Las rutas del agua por calles y caminos
Antonio Pardo recuerda a otros aguadores de San Javier, Emilio y Pedro Muñoz, hijos de Josefa ‘La Aguadora’. En la foto, se puede ver a Emilio, siempre de negro por el largo luto por su padre. Junto a su casa, funcionaban tres aljibes, propiedad de Loli Fernández. Otros aljibes eran los de la casa del tío Juan Sáez. Cuando llegó el agua a San Javier, en 1955, los dos hermanos se retiraron -uno al campo y otro a la pensión La Obrera- y los Pardo trasladaron su reparto a Santiago de la Ribera por la jubilación del aguador local.

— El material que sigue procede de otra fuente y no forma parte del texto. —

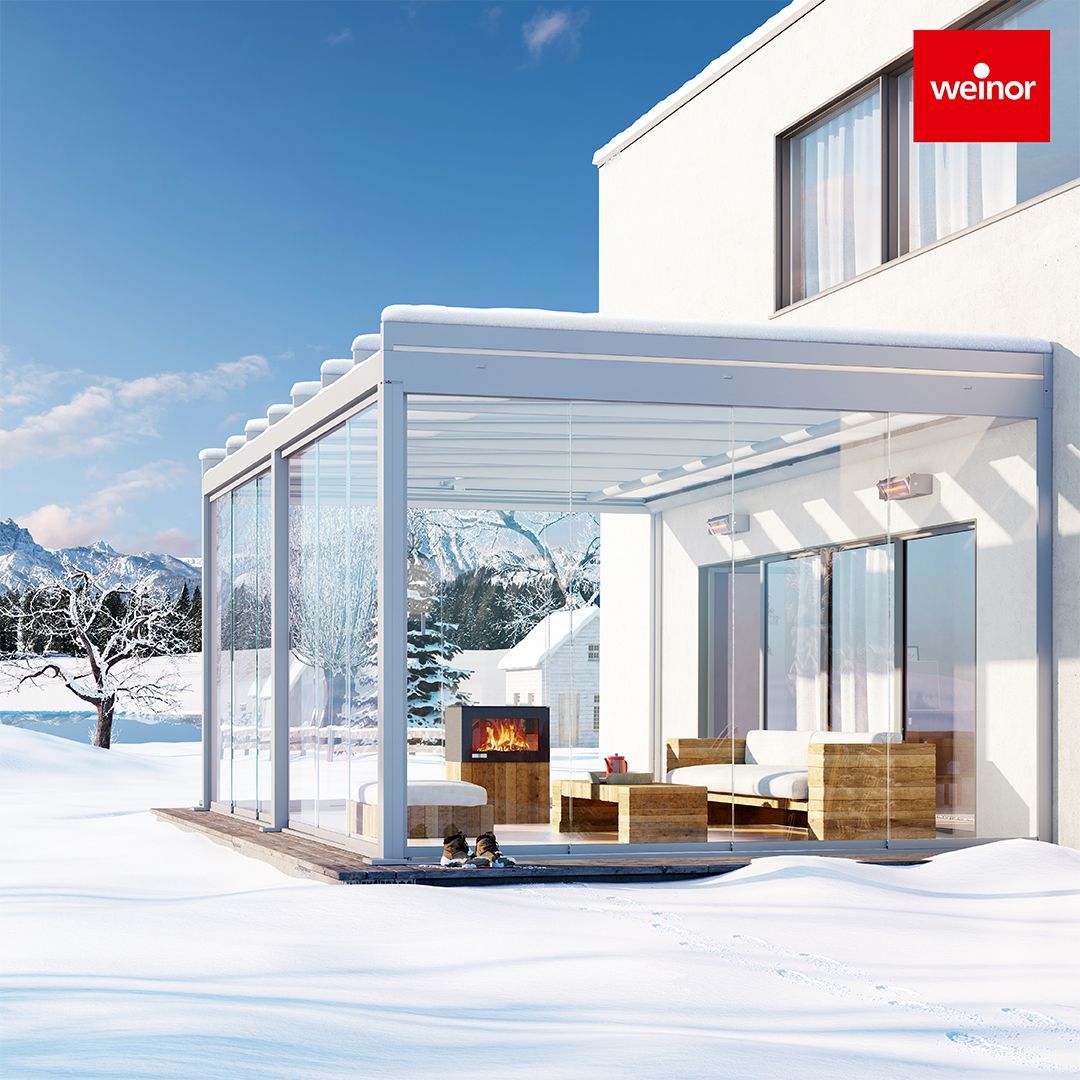 A white house with a pergola in the snow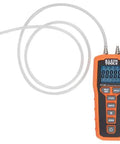 Front view of Klein Tools ET180 digital manometer, orange handheld pressure tester with dual ports and backlit LCD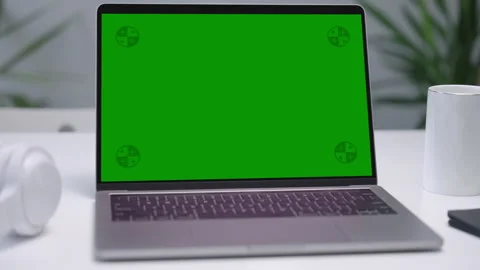 Modern Laptop Computer on White Desk with Blank Empty Green Mockup Screen Stock Footage 251731470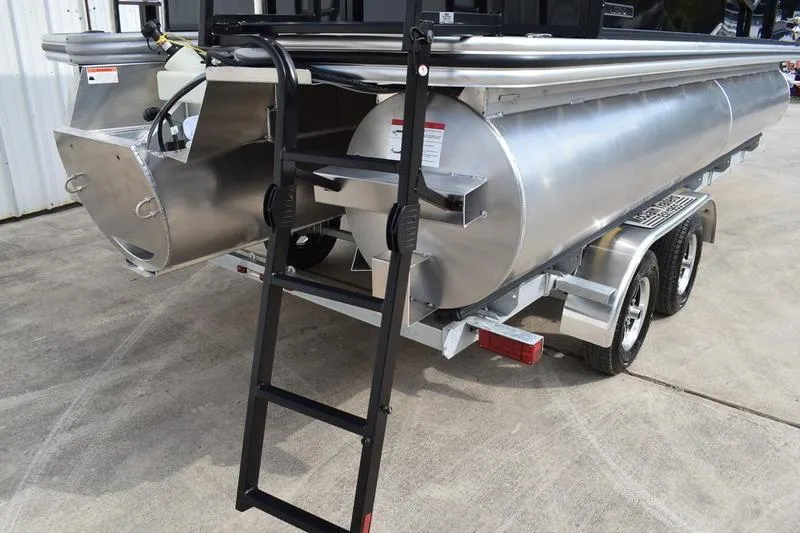 Slide: The Image of 2026 Lowe LS 210 WT pontoon boat on trailer, sleek black and silver design. - 7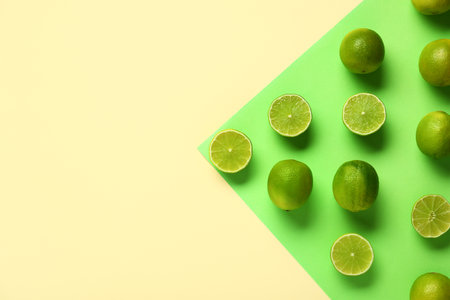 Fresh ripe limes on colorful backgroundの写真素材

A los dos años, ya no fueron necesarios en la localidad costera, así que tuvieron que alargar sus recorridos hasta San Pedro del Pinatar, al principio con el carro y después con un motocarro que compraron a plazos. «Las letras corrían más que el vehículo», se acuerda Antonio. A no más de 30 kilómetros por hora, el joven aguador llegaba por caminos de tierra hasta el municipio salinero con una cuba de 40 arrobas de agua (640 litros) a su espalda. En la foto se le puede ver (a la En San Pedro encontró un mercado «más rico», pero que duró poco. La llegada del agua del Taibilla condenó a los aguadores a la desaparición.
Antonio Pardo cumplía 20 años cuando ya no había casas a las que abastecer. «Me fui a hacer la mili a la Academia General del Aire», donde años antes frecuentaba para sacar agua del aljibe. Probó suerte en un bar de Elche y, después, trabajo para Maestre en los trabajos de construcción en La Manga, cuando comenzaba a cubrirse de ladrillos. No vio ocasión de dejar el camión, del que había huido desde joven. Se empleó en una agencia de transportes de Murcia, que le hacía recoger las cajas de hortalizas, que los agricultores le dejaban en el camino, desde el campo de Cartagena hasta la subasta en Murcia antes de las 6 de la mañana. Trabajó después 26 años en la cantera del Cabezo Gordo, llevando piedra a la machacadora. Con su mujer abrió un puesto de pipas en la avenida del Taibilla de San Javier, que luego vendió juguetes y convirtió después en un bar. Una larga vida de duro trabajo, siempre en el camino. «Cuando abro ahora el grifo, pienso en los días que llevaba agua por todos estos pueblos», cuenta el aguador.